Official start of the Canada Authentic Air Rally! The group of adventurers is excited to fly to Churchill. Most of them have never flown this far North, and oh what an experience it is!
This first day of flight brings a little bit of weather which makes us deviate to the East of our route for a little while. As explained during the briefing, faster aircraft relay weather updates through the Air Rally radio frequency for the slower aircraft. This allowed the group to clear the weather conditions safely. A clear sky was waiting for us ahead!
As we make our way to Thompson, the landscape below changes rapidly: from thick forest and rivers to the earth splitting itself into many many lakes, trees making themselves rare as we progress to the North. Cities are no longer in sight, and we are left with absolute nature. Hard to explain this feeling of complete freedom coming over us as we fly over the Canadian wilderness.
We get very excited as we approach Churchill, world Capital of the polar bear!! We can’t help ourselves and keep an eye out for polar bears and belugas… Most of our group did spot a few polar bears! Such an exciting flight!!
Today in Churchill, over 50 kids, parents and teachers came to meet us and visit the planes. The aviation bug starts somewhere: Each and everyone of us pilots have a unique story of how they got the “sting”. And we all have a role to play in the initiation of youth. Connecting with the local community and doing our part is important to us!

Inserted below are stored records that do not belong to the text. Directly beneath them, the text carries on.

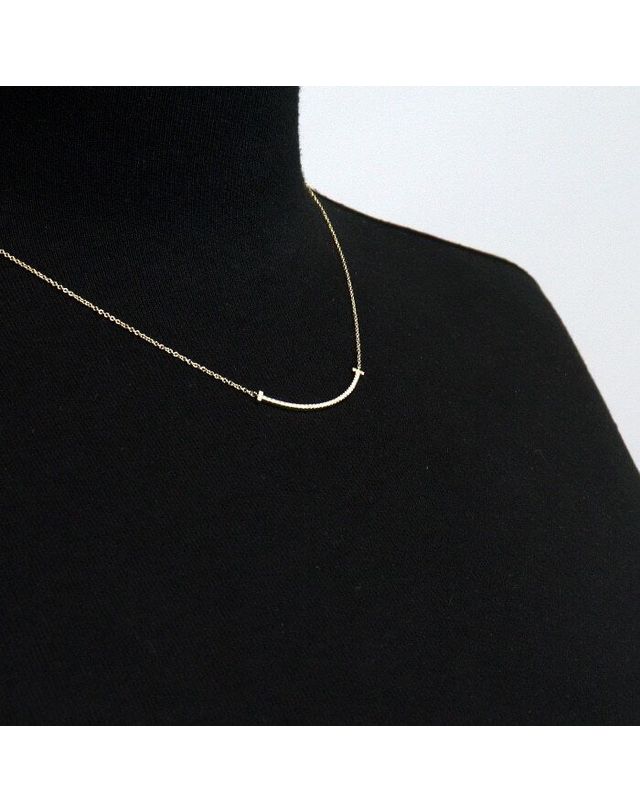 티파니 앤코 [중고명품] [중고명품] 티파니앤코 18K 옐로우 골드 0.1캐럿 파베 다이아 스몰 T스마일 여성 펜던트 목걸이 사이즈 40.6cm 161100881 착용컷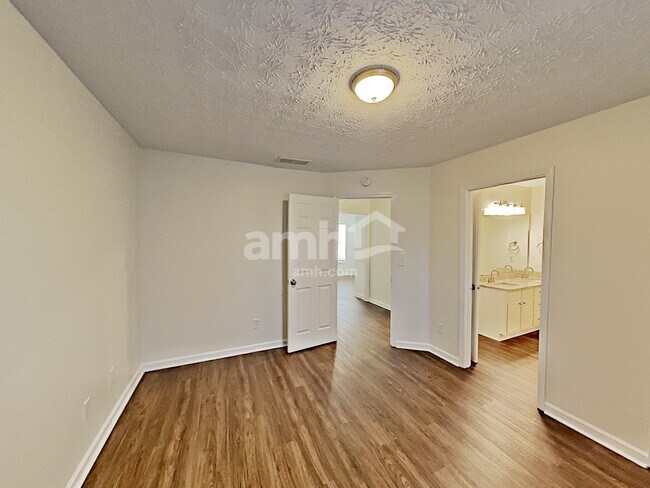 Building Photo - 1720 Mission Park Ct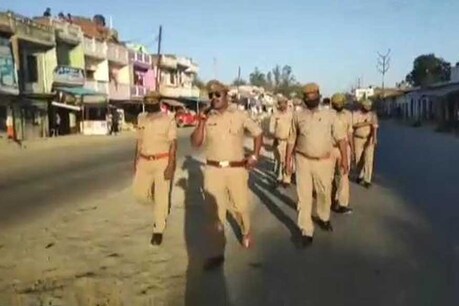 अनोखी पहल: देशभक्ति गीत गाकर मऊ में सख्ती से लॉकडाउन का पालन करा रहा एक दरोगा अनोखी पहल: देशभक्ति गीत गाकर मऊ में सख्ती से लॉकडाउन का पालन करा रहा एक दरोगा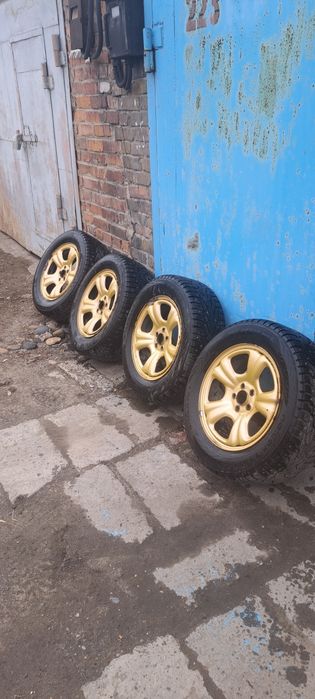 Продам комплект дисков с шинами
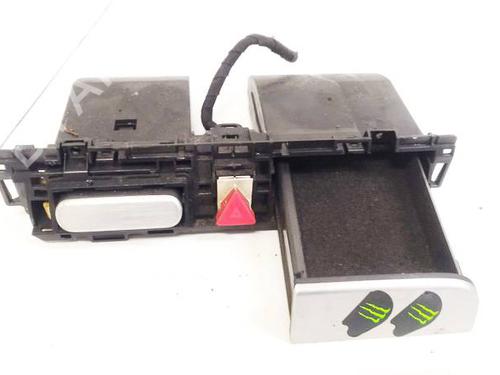 Used Glove box Glove box VW PASSAT B6 (3C2) 2.0 TDI (170 hp) 35165905 35165905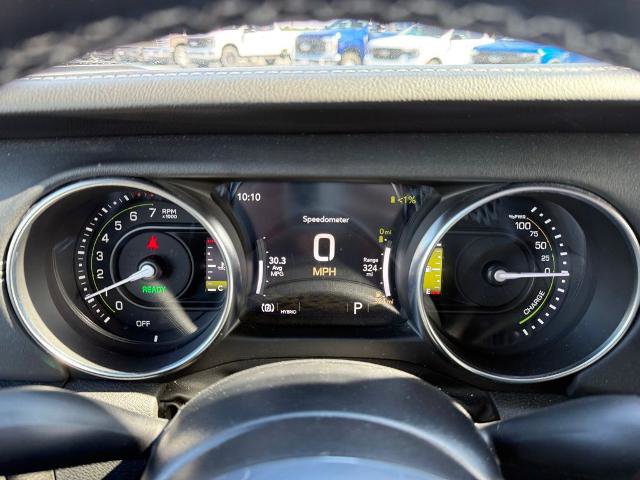 Used 2022 Jeep Wrangler Unlimited Sahara w/ Cold Weather Group AWD/4WD image 26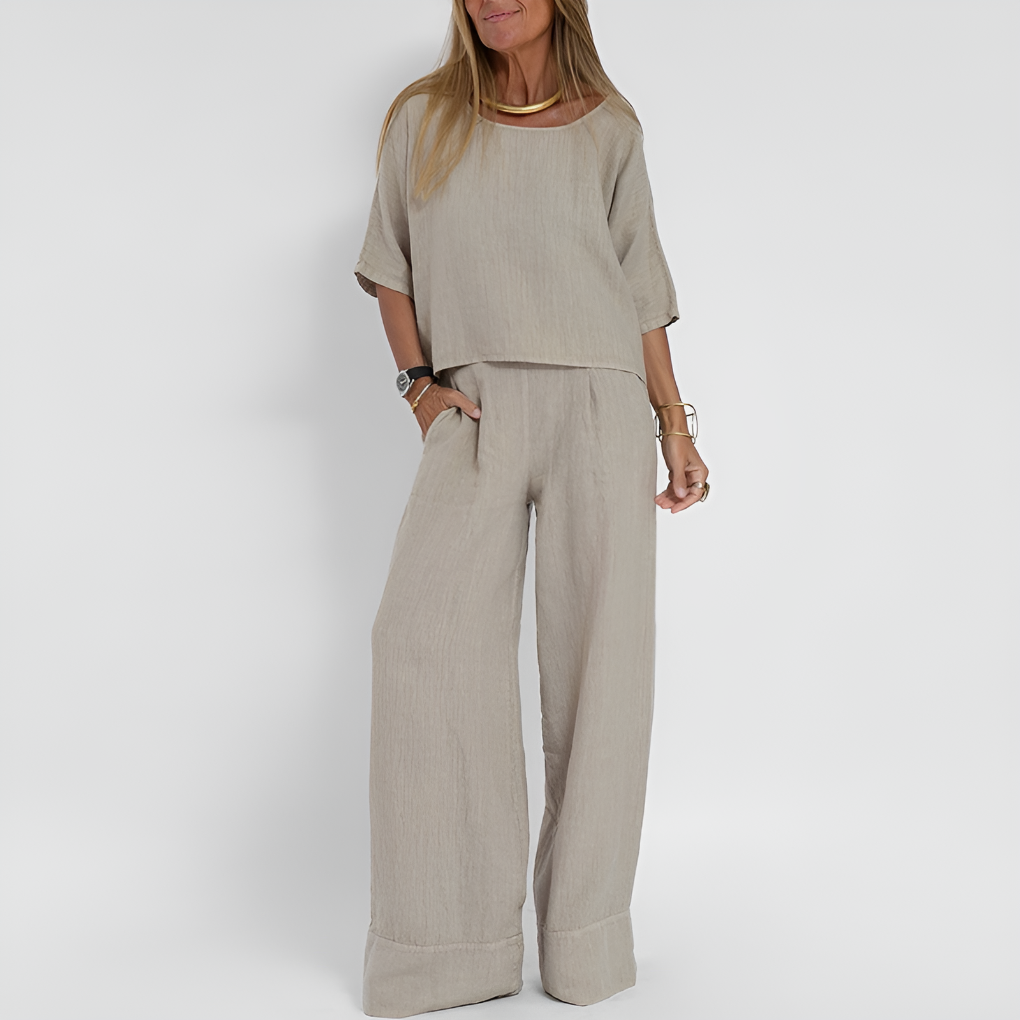 Women’s Relaxed Fit Two Piece Set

A full day of activities ahead! Up bright and early for a wonderful breakfast at Gypsy’s Bakery, all pilots make their way to the airport for refuelling. Yes, we have fuel in Churchill! Though, 100LL is usually not provided at this airport, International Air Rally had organized the transport of barrels of fuel for all aircraft.
And then off we go to the Churchill Northern Science Center! We were lucky to have a good pair of eyes onboard the bus: Catherine Tobenas spotted a polar bear on the coast! We stopped to take a few pictures, while keeping a good distance from the bear.
We had a nice lunch and a tour of the Churchill Northern Science Centre: Founded in 1976, the Churchill Northern Studies Centre is an independent, non-profit research and education facility which provides accommodations, meals, equipment rentals, and logistical support to scientific researchers working on a diverse range of topics of interest to northern science.
The Centre is ideally situated along the Hudson Bay seacoast at the meeting of three major biomes: marine, northern boreal forest, and tundra. To the east lies Wapusk National Park which protects the inland denning area of the polar bear. Farther to the southeast lies the Hudson Bay Lowland, the largest peatland in North America. Because of this complex of biomes, one can see a tremendous diversity of plants, birds, mammals and human cultures.
The day ended on a beautiful boat tour with Sea North Tours to see the belugas!
This flight takes us along the coast of Hudson Bay. All the way we kept our eyes wide open and cameras ready for polar bears and other animals. We were not disappointed, seeing a total of 15 polar bears and lots of belugas! Simply breathtaking.
Flight formation was also part of the fun on the way to Rankin Inlet. Canada is definitely a pilot’s paradise!
We could have gone on forever, but the people of Rankin Inlet were eager to meet us and the kids were also very excited to see the planes. All 16 kids and their parents took flight with volunteer pilots.
Thanks to our local guide, Noel Kaludjak, we visited the Iqalugaarjuup Nunanga Territorial Park. He explained the ruins from a historical site of the Thule Period, ancestors of the modern Inuit, the first inhabitants of the North. Their presence in Canada goes back a thousand years! Noel also brought us fishing for Arctic char. Which we ate for breakfast, dinner and lunch!
Noel had a surprise lunch for us at the National Park: Maktaaq (Beluga fat), Pipsi (Dried Arctic char) and Miku (Dried Caribou meat). Everything was very good! An experience we were definitely lucky and grateful to live.
Our stay at Bakers Narrow Lodge was the perfect end to this wonderful adventure!